David Mello is an American musician known primarily for his work as drummer for the hardcore ska punk band Operation Ivy.

Prior to Operation Ivy, Mello played in various bands local to the Berkeley and Albany areas such as Rabbi Conspiracy and Distorted Truth

Upon Operation Ivy's formation, their first live appearances took place sequentially one weekend in May 1987. They first played in a garage in Albany, California, that Mello had frequently used for his other musical projects. The same weekend, Operation Ivy with Mello on drums made their initial appearance at 924 Gilman Street. Mello continued to play in Operation Ivy until the band's breakup in 1989, citing unwanted attention as the primary cause.
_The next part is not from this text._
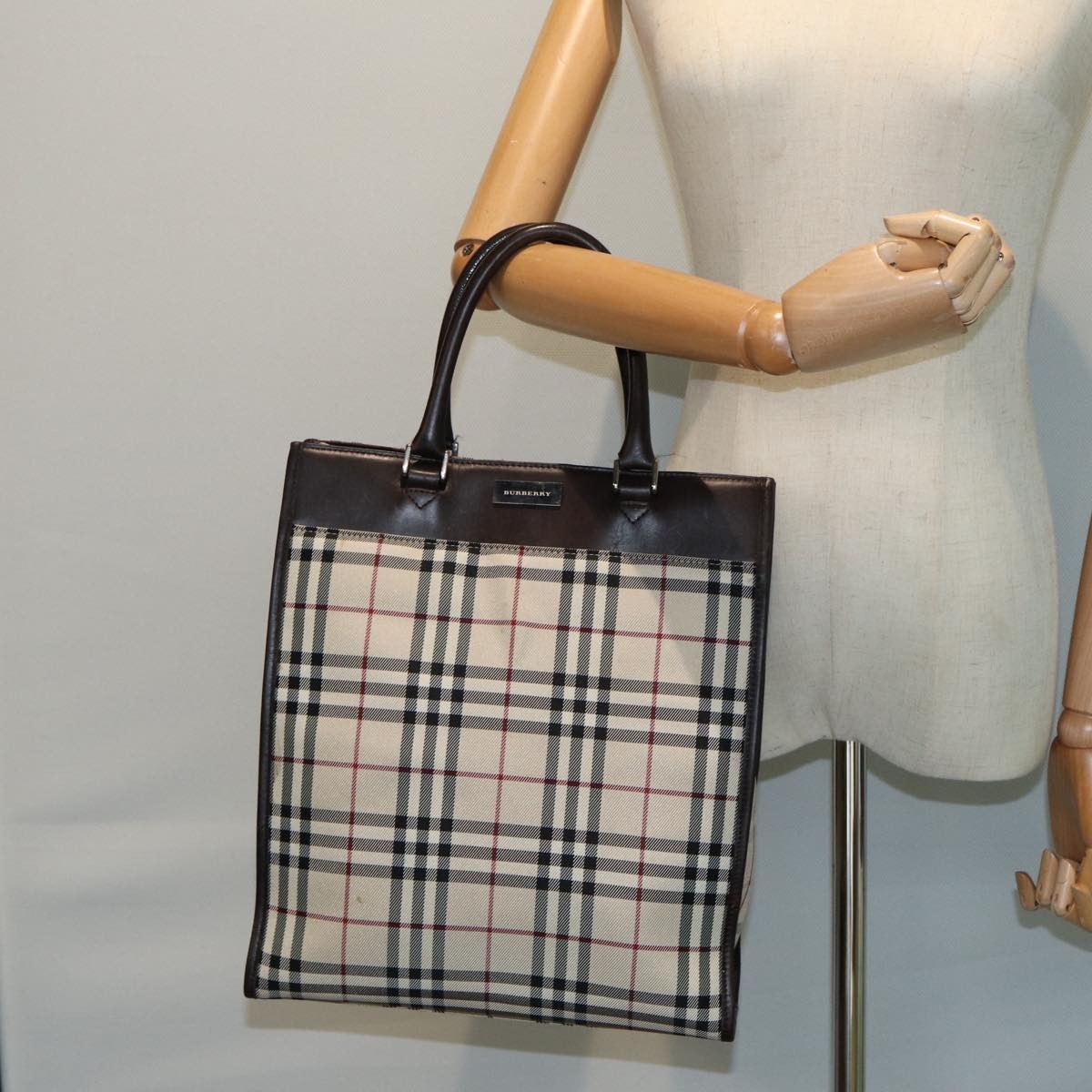 Burberry Nova Check Tote canvas check pattern, BEIGE, CANVAS, Tote bag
Following the disbandment of Operation Ivy, the remaining members with the exception of Jesse Michaels temporarily formed another punk/ska band, Downfall. Downfall included Mello's brother Pat Mello, who previously assisted Operation Ivy with backup vocals on some songs during the recording of their only studio release, Energy. Dave and Pat Mello parted ways with Tim Armstrong and Matt Freeman, who went on to form Rancid, starting their own band Schlong. Additionally, Dave has toured with other bands as a stand-in when needed.

Mello has also been involved in drumstick production with the company Twotone Drumsticks, contributing to the design of the Dave Mello signature variety.

In more recent times, Mello lives in SW Montana with his son Max. Still pursuing his musical aspirations, Dave plays drums and sings in Bozeman, MT bands Prints and Hippie Dump. He regularly appears at 924 Gilman Street, playing with multiple groups including the bands Jewdriver and Un'Cus where Mello has traded in his sticks for a guitar.